Deep goes Frazier! Reds star KOs Derby field
Cincinnati third baseman electrifies home crowd throughout night, edges Pederson for title
CINCINNATI -- Todd Frazier had the joint jumping, his home crowd behind him screaming and exactly the right flair for the dramatic on Monday night. Not only did Frazier not disappoint, the Reds third baseman put on a tremendous show to win the Gillette Home Run Derby presented by Head & Shoulders at Great American Ball Park.
The capper was a bonus-round shot into the left-field seats to defeat Dodgers rookie Joc Pederson, 15 homers to 14, in the finals as the stadium roared with approval and fireworks filled the sky. Frazier loved having the sold-out crowd in his corner all night.
"Just hearing the crowd roar, call my name, adrenaline," Frazier said. "And those last minutes of each round really picked me up and [helped me] drive the ball out of the park a lot more. It was a lot of fun. I appreciate that a lot."
Frazier, who was the Derby runner-up to Yoenis Cespedes last year in Minneapolis, became the third Reds player to win a Home Run Derby, following Dave Parker, who won the first one in 1985, and Eric Davis in '89. Frazier is also only the second player from the host team to win, the first since the Cubs' Ryne Sandberg in 1990. Frazier was presented with the Home Run Derby trophy by MLB executive Joe Torre.
"Bringing this hardware home is something I've always wanted to do and it's just an unbelievable feeling," Frazier said. "Once I wake up in the morning, understand really what happened, it is going to be exciting to see this in my house."
The Derby caught its first break when rain held off until well after the event ended. Then new rules in place for 2015 added timed rounds of four minutes and an eight-player single-elimination bracket that proved instantly popular. That change played into Frazier's hands as he batted second in each round as the higher seed.
Frazier, the No. 2 seed, defeated Rangers first baseman Prince Fielder in the first round and then knocked out Blue Jays third baseman Josh Donaldson in Round 2.
All three rounds required a lot from Frazier to overcome his challenger. Fielder hit 13 homers in the opening round. Frazier was able to equal the two-time winner with his 13th coming with seconds remaining, landing in the left-field seats. After a brief break before bonus time, Frazier crushed home run No. 14 on his first swing to defeat Fielder.
"Two-time champion, that's huge," Frazier said. "The format fit well.
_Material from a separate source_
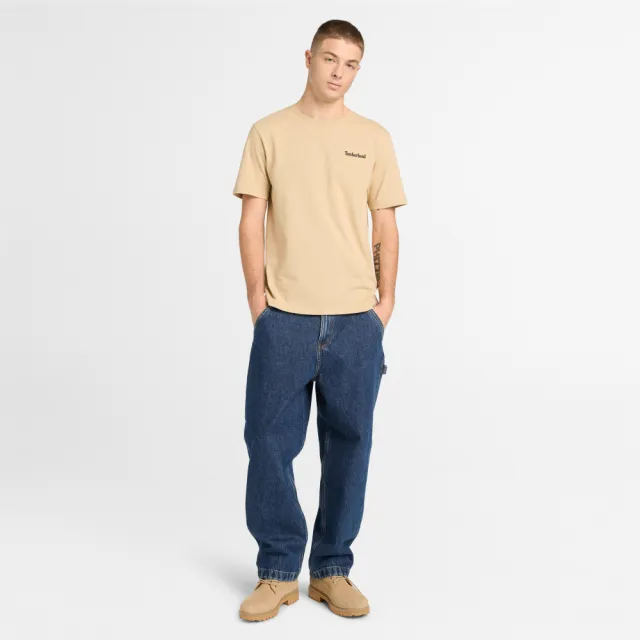 【Timberland】男款淺黃色小熊圖案短袖T恤(A5S46A7K)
I honestly didn't know how many I was going to need. Thirteen, in these Derbies now, usually gets you past. I started off slow and got into a little groove."
In Round 2, Donaldson got off to a slow start, but he rallied to hit nine homers. He also knew he was not the crowd favorite.
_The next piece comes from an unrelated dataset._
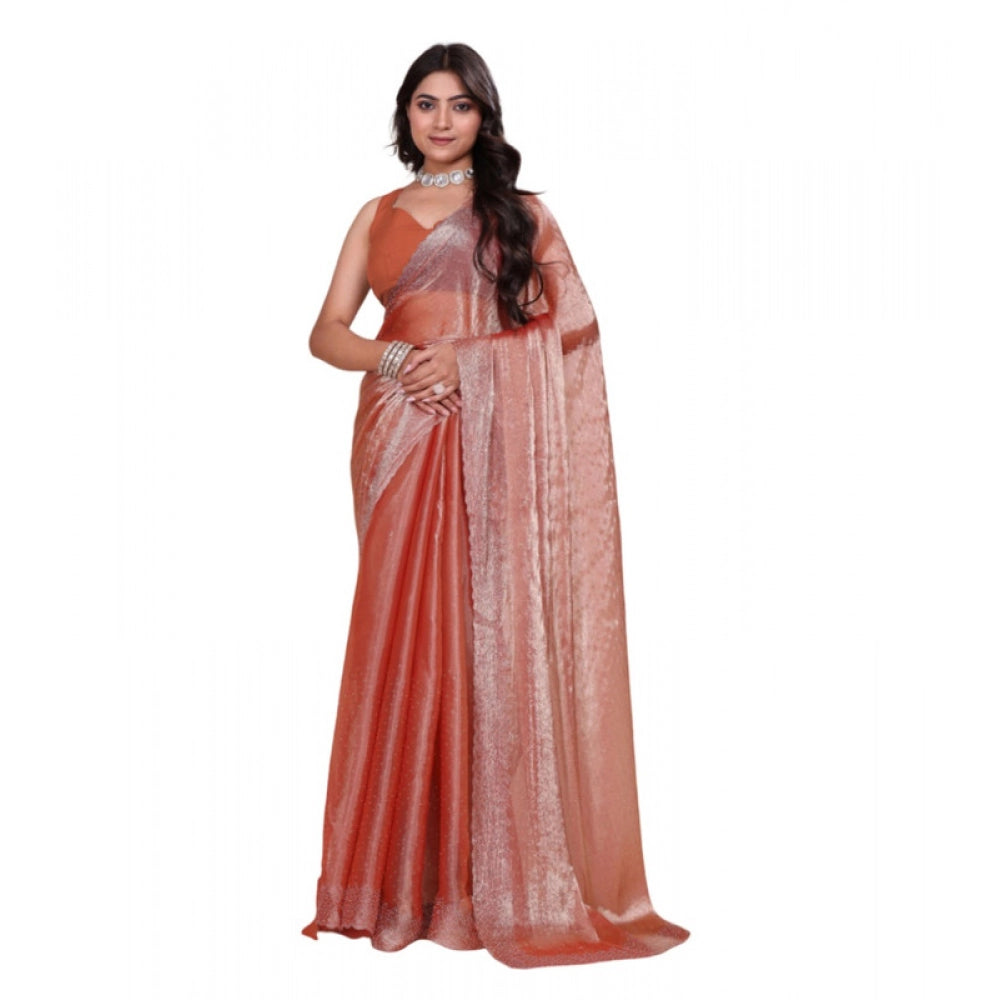 Orange Jimmy Choo embellished Bollywood saree with unstitched blouse, 5.5Mtr length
"Honest to God, I didn't even know who I was going up against in the second round, but after 30-40 seconds into it, I could start to hear people boo me," Donaldson said. "Then mid-swing, I was like, 'Oh, I'm going up against Frazier.' Good for them. He put on an awesome performance tonight."
The crowd chanted "Let's go Frazier" as Frazier sat on eight homers with a minute remaining. But with 11 seconds to spare, homer No. 9 came, followed by No. 10 just as time expired, landing in the left-center-field bullpen as Reds fans screamed.
Pitching to Frazier for the second time in the Derby was his brother, Charlie. The two tried to keep the flow going in all three rounds.
"We wanted to work fast," Charlie Frazier said. "We didn't want to put any thinking involved. We just wanted to put as many pitches as we can. He was swinging at everything -- you could see that -- even if they were low or high. So we just got on the same pace."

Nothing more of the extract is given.